Fishing 

I don’t remember when i learnt swimming. Perhaps I had it! When I was small I used to be in the water than out during weekends.

I have a sneaking suspicion that my mother would have preferred us to be in one place for easier management as she had 10.

No wonder then that the fish found us more than a match! The river flowing on three sides of the 9 acre land around the house where I grew up is the location for this item. We didn’t have big fish, but size never mattered.

We had some unique technique of catching fish. Most of it are extinct and the present generation has other priorities and pastimes.

However when I return and try some old tricks, I get an army of followers. My wife’s coinage for me ‘Robinson Crusoe’.

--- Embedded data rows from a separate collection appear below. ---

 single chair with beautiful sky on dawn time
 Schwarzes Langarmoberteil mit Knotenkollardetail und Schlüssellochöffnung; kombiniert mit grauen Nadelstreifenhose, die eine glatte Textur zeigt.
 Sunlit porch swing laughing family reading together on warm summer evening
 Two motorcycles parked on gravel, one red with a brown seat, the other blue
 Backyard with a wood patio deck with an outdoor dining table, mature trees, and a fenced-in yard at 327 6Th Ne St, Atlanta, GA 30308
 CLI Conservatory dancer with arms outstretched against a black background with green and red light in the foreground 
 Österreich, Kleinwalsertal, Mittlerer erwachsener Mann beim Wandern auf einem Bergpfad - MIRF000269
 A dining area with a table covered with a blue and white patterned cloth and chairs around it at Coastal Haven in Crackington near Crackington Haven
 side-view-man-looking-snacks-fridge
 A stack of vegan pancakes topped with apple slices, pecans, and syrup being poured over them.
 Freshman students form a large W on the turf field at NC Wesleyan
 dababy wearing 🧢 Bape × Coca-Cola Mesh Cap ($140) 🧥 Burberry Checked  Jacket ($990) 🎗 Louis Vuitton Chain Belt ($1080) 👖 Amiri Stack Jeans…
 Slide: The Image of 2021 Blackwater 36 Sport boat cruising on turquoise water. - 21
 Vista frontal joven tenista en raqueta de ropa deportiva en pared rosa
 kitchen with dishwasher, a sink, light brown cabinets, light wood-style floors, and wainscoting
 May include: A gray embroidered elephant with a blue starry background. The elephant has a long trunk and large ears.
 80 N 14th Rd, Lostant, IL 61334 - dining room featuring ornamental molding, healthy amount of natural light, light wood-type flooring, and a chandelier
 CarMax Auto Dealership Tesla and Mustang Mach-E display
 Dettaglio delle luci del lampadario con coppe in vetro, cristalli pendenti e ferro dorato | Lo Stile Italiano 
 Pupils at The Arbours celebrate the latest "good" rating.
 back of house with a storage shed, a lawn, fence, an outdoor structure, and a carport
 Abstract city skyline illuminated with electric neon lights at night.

Catching fish with bare hand!

This technique is not for all. Exclusively used by my elder brother and me, mostly done together, resembling the technique of the pack of wolves.

We take turns and run after the fish in relay till the fish get tired and stand still. Then one of us close in with bare hands. The fish suddenly vaults and we knew exactly when and which direction the run is and the trained hands go round the fish.

The major difference between the wolves and us is in the targeting of the prey. The wolves go for the weak and tired and us for the best and smartest.

Koodam Adi 

Fish hides under the small rocks in the river are made unconscious with a heavy banging of the 16 pound hammer.

Petromax

is the gas based lamp used mainly for lighting public places for functions etc. The intense light at night blinds the fish and they are caught with a knock on the head with the non sharp side of a sickle.

Koorichatti 

Perhaps the most innovative of all the techniques. Here a mud vessel typically used for Kerala fish curry is covered with a white cloth and tied to close the chatti. Some food mostly partially burned oil cake is put inside before closing. A hole is made carefully using a burning piece of a wood. The hole is just right for the fish to get in. The chatti is then strategically placed in the river. Fish attracted by the food get in but will not know how to get out.

Kooda 

A small barricade is created in the flowing stream and a cleverly made trap of coconut sticks is placed on the opening. Fish can get in with the flow of water but can’t get out 

Nanjj 

Kerala Palm tree flowers are manipulated to extract toddy for consumption as an intoxicating drink. The seed of the palm tree is partially crushed and dropped in the river where there is a heavy flow. This intoxicates the fish downstream and caught using the sickle technique or a small round fishnet.

Chooda 

Angling, the difference being the fishing rod made of stem of the Palm tree branch.

Bathing towel technique 

A rather weak method mostly at the early years where the towel is used by two people to corner and catch the fish.

Bomb

To our credit we never used this. There is a chance that we were afraid of its handling!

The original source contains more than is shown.